A sad story of a climber lost in the mountains of California resonated with folks in Middletown more than a century ago.

Kenneth Archibald, the son of Rev. Andrew Archibald, a native of New Kingston and a clergyman, disappeared while on a tramping excursion June 20, 1908.
His remains were found two years later.

On August 5, 1910, the Catskill Mountain News (CMN) reported that Kenneth’s remains and personal effects had been located in Kings River Canyon, Fresno County, CA. The story said young Kenneth had been out with a hunting party of about 15 people when he strayed and became lost. “Every effort was made to find him,” to no avail. An article in the July 27, 1910 issue of the San Francisco Call clarified that Kenneth, 27, was a resident of Berkeley, and a wealthy real estate dealer there. It said he and three companions had gone to the mountains to meet up with a group from the Sierra Club. For some reason, Kenneth wanted to undertake a 41-mile tramp while waiting for the larger group, but the others declined to accompany him, staying behind at a cabin. They never saw their friend again.

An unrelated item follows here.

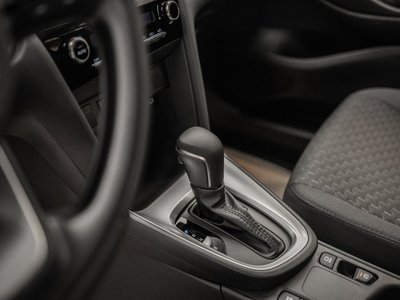 Toyota Yaris Cross, 2026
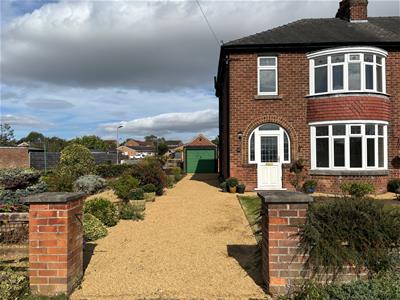 Crosby Road, Northallerton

A follow-up story in the CMN on August 26, 1910 gave further details of the discovery of Kenneth’s remains, provided by his father, writing from Southwest Harbor, Maine: A Sierra Club group of about 100 people had encamped at Rae Lake in the Kings River region in mid-July. A leader of the group had cautioned about the treacherous terrain of Mt. Rixford at one end of the lake, noting the tragedy that had occurred two years earlier. Some in the party knew Kenneth and had hiked and camped with him.

One of the hikers who had been on the mountain and hadn’t heard the story, “came upon the remains and possessions of someone who had evidently perished there. When he brought back to camp what he had discovered, the others knew the significance of it all.”

A search party was organized to examine the site. They found bones, clothing and other items against a giant boulder 600 feet up the slope from the lake. Kenneth had apparently been caught in a rock slide. Searchers found a notebook, a tin cup and other effects, including a watch with his name on it, given to him by his parents when he was ten years old.

Sierra Club hikers erected a “rude monument of stones in memory of Kenneth.” His brother Cecil traveled to San Francisco to identify the ‘meagre remains,’ which were ultimately interred in New Haven CT. The personal items were sent east to his parents.

Rev. Archibald, born in 1851, was the tenth of 11 children of Robert and Elisabeth Hamilton Archibald. He married Julia Agnes Warren in 1876 in New Haven, CT where their first son, Warren, was born in 1877. Two more sons, Kenneth and Cecil, were born in 1880 and 1881 in Ottumwa, Iowa, where their father was serving as a Congregational minister. Andrew Archibald died in 1926 in Los Angeles.